> [Exercise details]
With the pictures omitted, output word for word the lines from the one containing "FOTO Varaždinske ulice" through the end of the records.

> [Source records]

====================

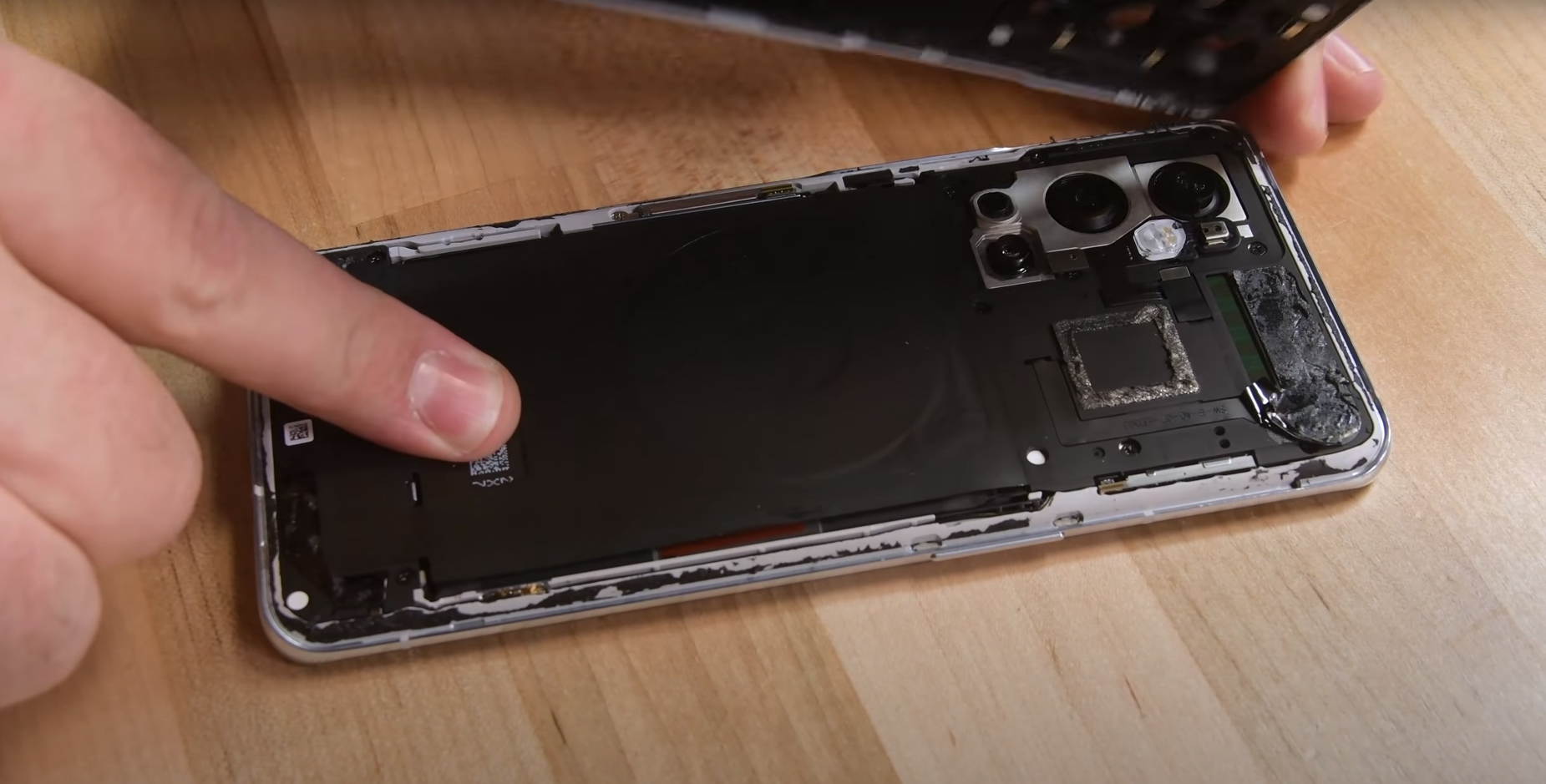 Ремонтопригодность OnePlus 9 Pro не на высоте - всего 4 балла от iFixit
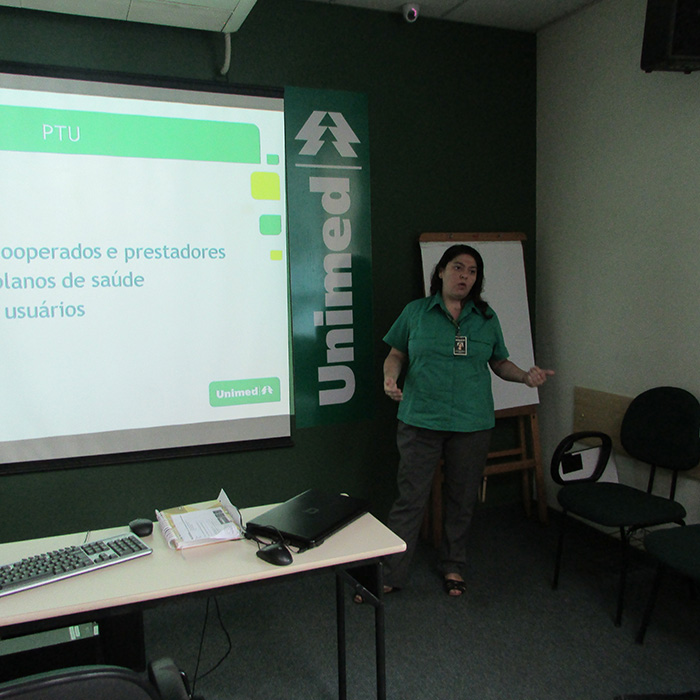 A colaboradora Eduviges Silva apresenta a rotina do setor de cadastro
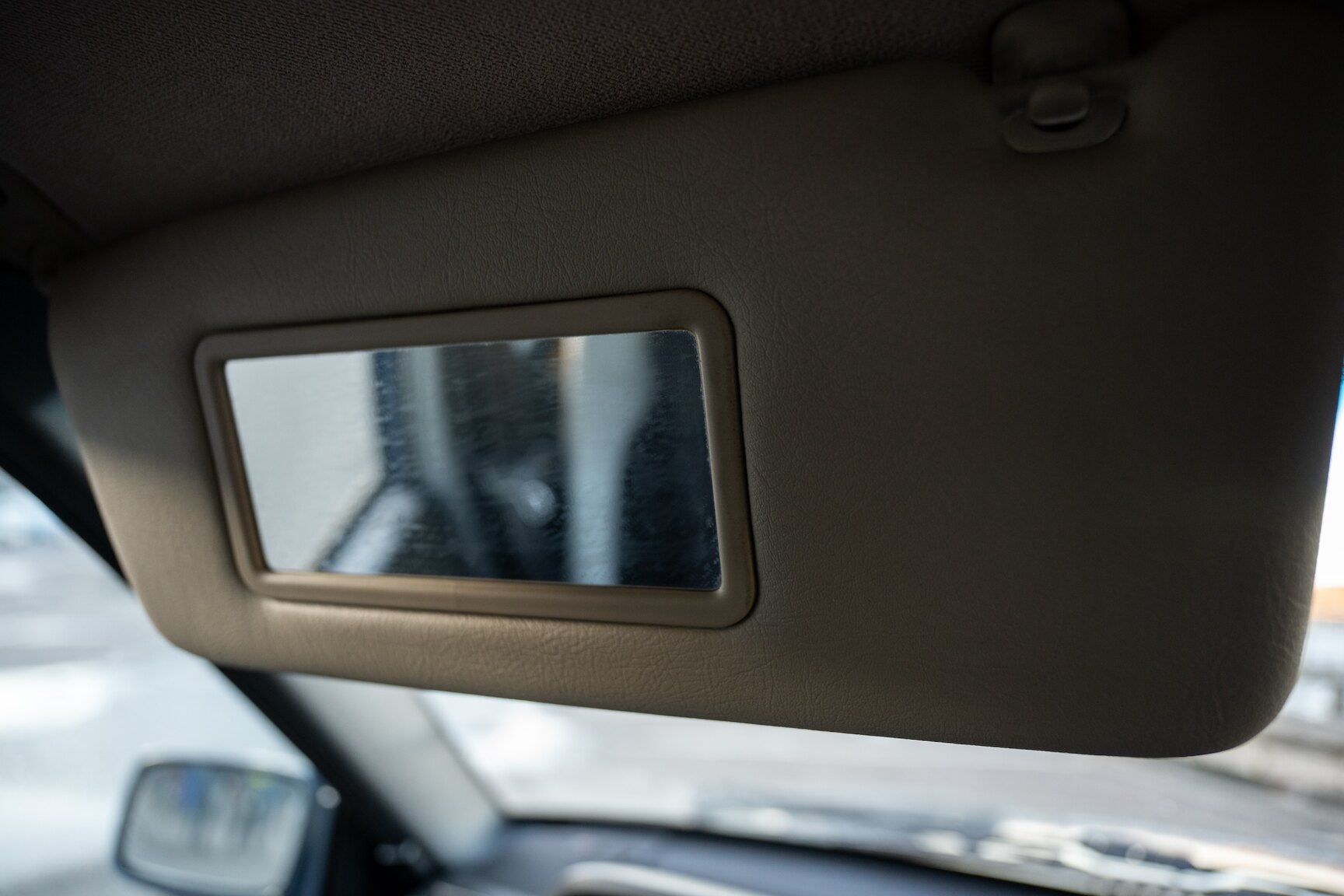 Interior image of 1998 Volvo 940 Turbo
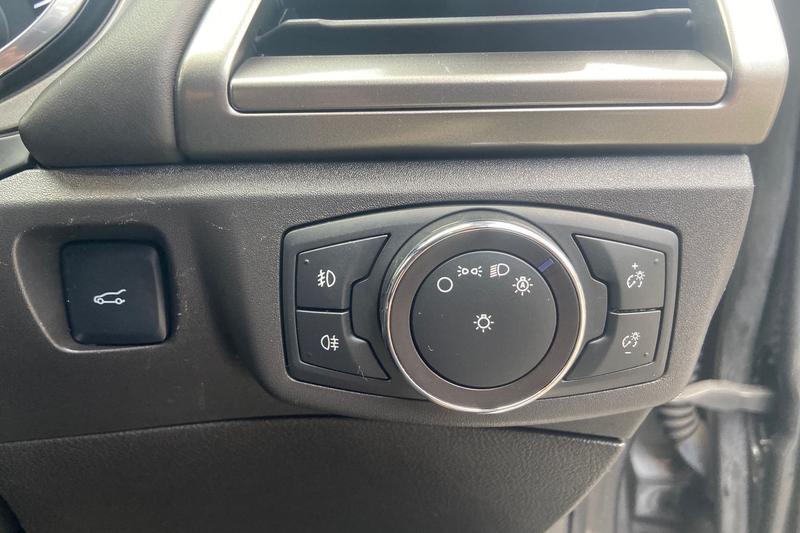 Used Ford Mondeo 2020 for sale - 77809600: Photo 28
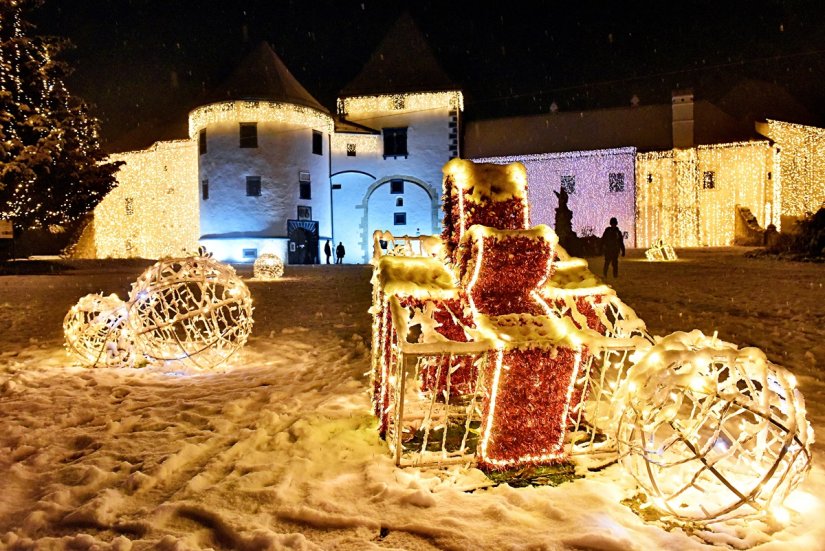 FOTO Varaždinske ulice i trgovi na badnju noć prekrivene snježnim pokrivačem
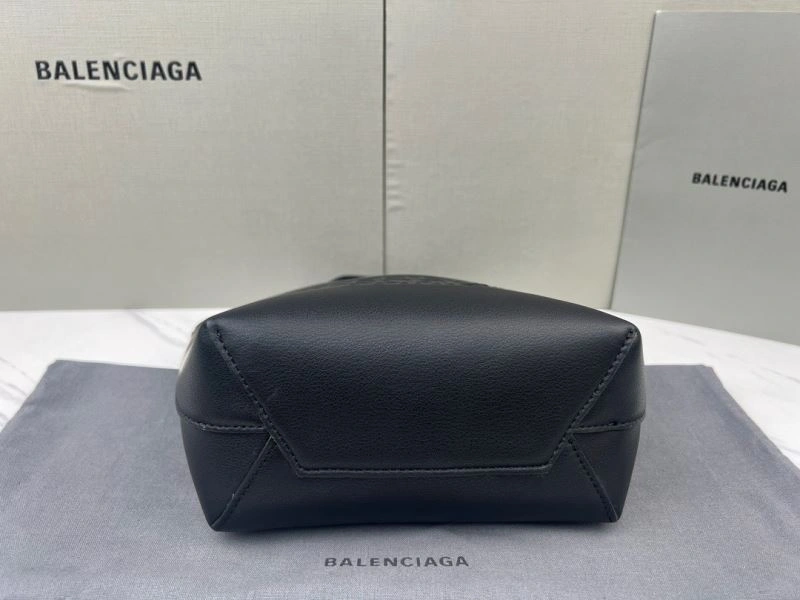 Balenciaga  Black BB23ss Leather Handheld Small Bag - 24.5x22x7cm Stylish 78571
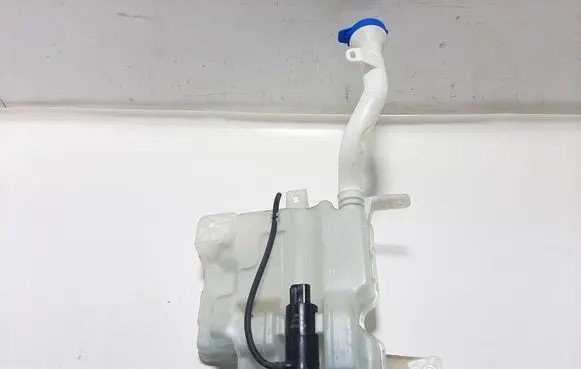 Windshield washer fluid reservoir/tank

====================

> [Answer to this task]
 FOTO Varaždinske ulice i trgovi na badnju noć prekrivene snježnim pokrivačem
 Balenciaga  Black BB23ss Leather Handheld Small Bag - 24.5x22x7cm Stylish 78571
 Windshield washer fluid reservoir/tank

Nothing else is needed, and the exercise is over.